NSF - Boosting Research Ideas for Transformative and Equitable Advances in Engineering (BRITE) solicitation 21-568
Posted June 2, 2021
Disciplines: All
BRITE is designed to enable and create opportunities for experienced researchers (tenured or equivalent) to forge new directions or to enter new fields by capitalizing or branching out of their established knowledge domains or to revitalize research after a hiatus or to explore ambitious, bold, and expansive research ideas that cover wide intellectual spaces. There are four distinct funding tracks: Synergy, Pivot, Relaunch, and Fellow. Each track provides dedicated time and resources to the PI.
The guiding rationale of the CMMI BRITE solicitation is that leveraging prior science and engineering outcomes, harnessing talent from the broad scientific research community, enabling time for reflection and deliberation, including learning new skills and scientific immersion in new areas, are valuable and essential paths leading to scientific and technological innovation.

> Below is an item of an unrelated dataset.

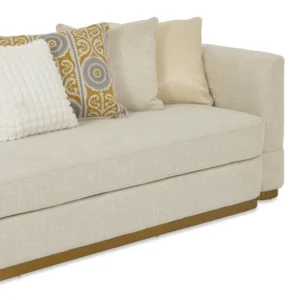 Vienna 4-Seater Sofa img 2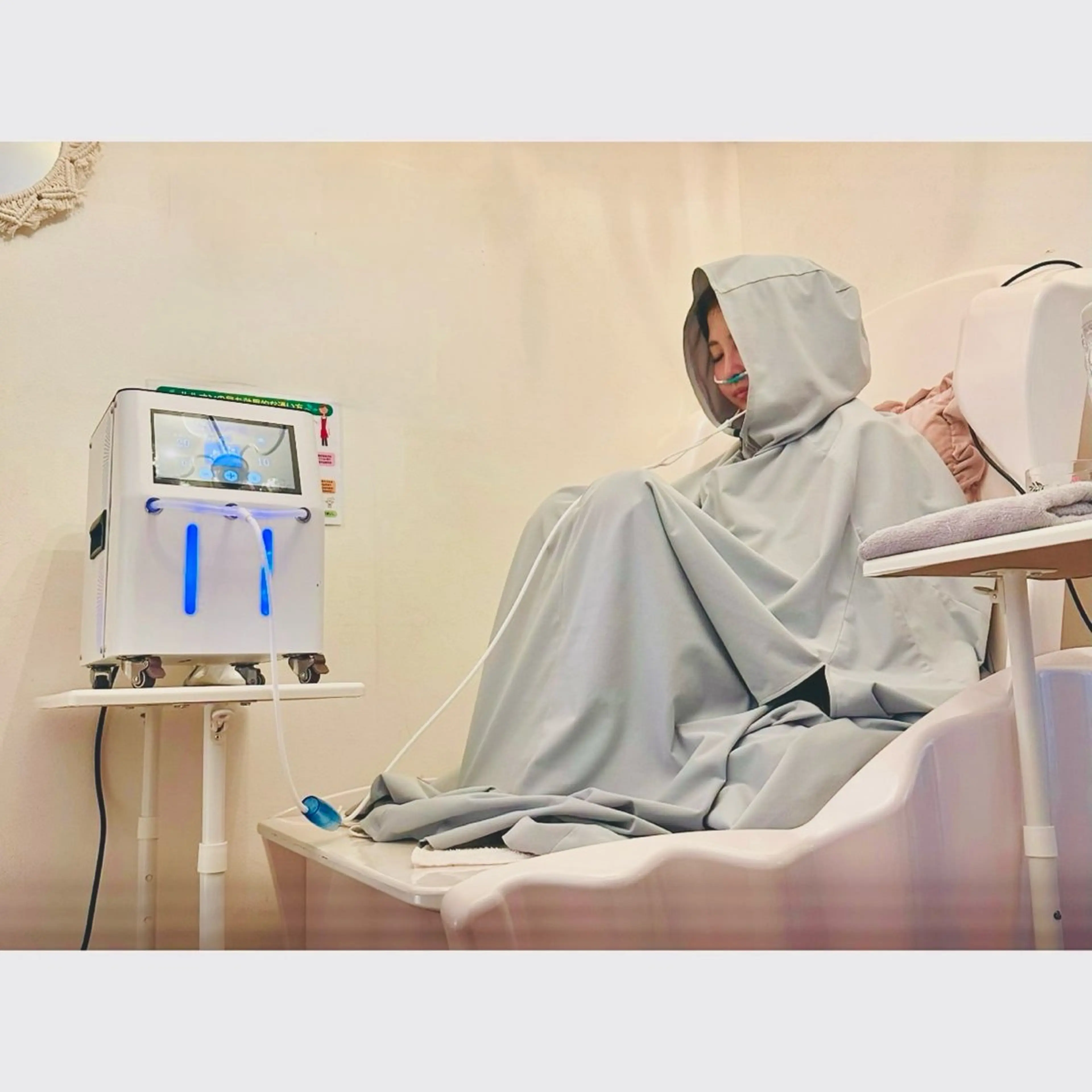 プレミアムの写真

BRITE focuses on a career stage when constraints on time (increased service and teaching and other constraints) can diminish research productivity and when institutional resources are typically lower. We also know that the attrition and retention of women and underrepresented minorities occurs largely at this stage. BRITE seeks to promote innovation and discoveries by leveraging the experienced researcher cohort (who possess deep technical knowledge) and a diverse talent pool (by being broadly inclusive) at a career stage where they can take risks. BRITE seeks to invest in the STEM workforce so they are best equipped to keep up with the fast acceleration of research methods, analytical tools, and big data. BRITE seeks to enable researchers to tackle complex problems where one needs to cross disciplinary boundaries to develop a common language, and provides time and resources when one has research freedom.
BRITE seeks to broaden participation by focusing on a career stage where the ‘leaky pipeline’ can be supported to counter the lack of representation in research and leadership at the highest ranks in the academe.